Differerences between Portuguese and Brazilian stemmer


(Ronan Mc Hugh) #1

What are the main differences between the Portuguese and Brazilian language analyzers in 6.x? I've run into some rather strange behaviour when implementing Brazilian and I'm wondering is there any benefit to using the Brazilian analyzer versus the Portuguese one for Brazilian text. The below example shows some weird behaviour when stemming plural forms:

The Portuguese analyzer stems animais to animal so searches for animal will retrieve animais and vice versa.
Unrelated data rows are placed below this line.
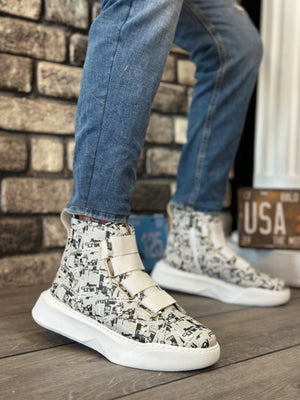 High Top Newspaper Print Men's Sneaker Boot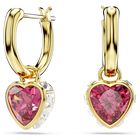 swarovski أقراط متدلية chroma، شكل قلب، لون أحمر، طلاء بلون ذهبي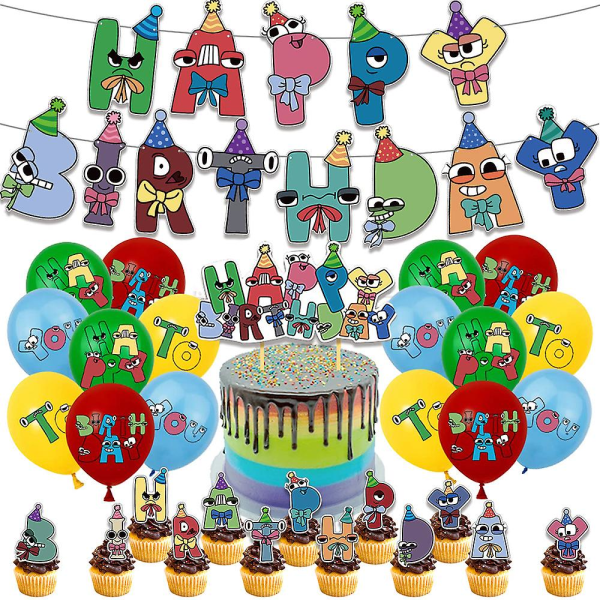 Alphabet Lore Bursdagsfest rekvisita Ballonger Kit Banner Cake Toppers Dekorasjoner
But the Brazilian stemmer stems animais to anim but doesn’t stem animal so these searches won't work. What is the reason for this behaviour?

Portuguese:

curl -s -X GET "http://localhost:9200/_analyze" -H 'Content-Type: application/json' -d'
{
  "analyzer" : "portuguese",
  "text" : "animal animais"
}
' | jq .

{
  "tokens": [
    {
      "token": "animal",
      "start_offset": 0,
      "end_offset": 6,
      "type": "<ALPHANUM>",
      "position": 0
    },
    {
      "token": "animal",
      "start_offset": 7,
      "end_offset": 14,
      "type": "<ALPHANUM>",
      "position": 1
    }
  ]
}

Brazilian

curl -s -X GET "http://localhost:9200/_analyze" -H 'Content-Type: application/json' -d'
{
  "analyzer" : "brazilian",
  "text" : "animal animais"
}
' | jq .

{
  "tokens": [
    {
      "token": "animal",
      "start_offset": 0,
      "end_offset": 6,
      "type": "<ALPHANUM>",
      "position": 0
    },
    {
      "token": "anim",
      "start_offset": 7,
      "end_offset": 14,
      "type": "<ALPHANUM>",
      "position": 1
    }
  ]
}

(Christoph) #2

Hi @rmchugh

this is an interesting observation, I would also have expected for the both stemmers to work the same way, but then I don't know enough about the similarity and subtle differences of Portuguese and Brazilian Portuguese.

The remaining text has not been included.